The patch in #8 works for my installation. Unfortunately it times out as there are many DB reads and writes when the number of nodes is high or the number of term associations is high.

By utilizing a drush script I avoided the timeout issue. Unfortunately the time to move all terms and references for my use case exceeded 24 hours. I believe the high overhead of utilizing entity_save() for each term reference change was the root cause of the long execution time.

Next step was to write a drush function that avoided most of the DB abstraction layers and talked more directly to the DB. This code is not production quality. I have not tested this code outside one local development environment. If you choose to utilize this code against your data please backup your data first.

This script offers three drush functions:

taxman-tid utilizes functions included in the Taxonomy Manager module and move one term from one vocabulary to another. This function was more for testing than functionality due to it's 'one term at a time' limit.

taxman-vid utilizes functions included in the Taxonomy Manager module. This is the safe (and slow) script for moving all terms from one vocabulary into another vocabulary. It moves all top level terms to the top level of the target vocabulary. The child terms follow their parents. If the version of Taxonomy Manager is patched via the patch in comment #8 above then term references will be updated. (This assumes the node contains a term reference field for the target vocabulary. This term reference needs to be created before running the drush script.)

taxman-vid-sql offers the same functionality as taxman-vid. However, it gets the work done in a faster and more risky manner by manipulating the DB tables more directly. A 'drush cc all' might be a good idea after the script finishes.

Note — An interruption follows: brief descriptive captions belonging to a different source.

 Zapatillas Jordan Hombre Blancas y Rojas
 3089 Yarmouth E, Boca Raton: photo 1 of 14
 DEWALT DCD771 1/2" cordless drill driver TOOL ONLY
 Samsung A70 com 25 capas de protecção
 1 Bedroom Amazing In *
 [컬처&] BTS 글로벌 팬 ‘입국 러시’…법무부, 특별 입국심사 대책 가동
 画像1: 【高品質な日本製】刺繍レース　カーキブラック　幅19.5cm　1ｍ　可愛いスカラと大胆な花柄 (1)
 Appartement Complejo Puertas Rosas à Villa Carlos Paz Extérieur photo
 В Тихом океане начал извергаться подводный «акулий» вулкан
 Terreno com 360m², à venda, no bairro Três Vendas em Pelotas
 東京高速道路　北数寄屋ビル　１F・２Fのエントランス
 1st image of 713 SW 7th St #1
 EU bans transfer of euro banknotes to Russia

Remember, this code is not production quality.

dwaine’s picture

dwaine’s picture

StatusFileSize
new8.44 KB

Attached file will need to be named 'taxman.drush.inc' when placed in your Drupal environment.

ñull’s picture

I somehow found this post: Saving node's fields without saving the node itself

By using field_attach_update('node', $node); instead of node_save we might solve the time stamp problem and the speed problem at the same time. If I have the time I'll give it a try.

le72’s picture

Any update?

dillix’s picture

I'm also still waiting update.

cimo75’s picture

The patch works but I haven t tried yet to move 1000s of nodes.
S.

dillix’s picture

I moved over 1k nodes with this patch!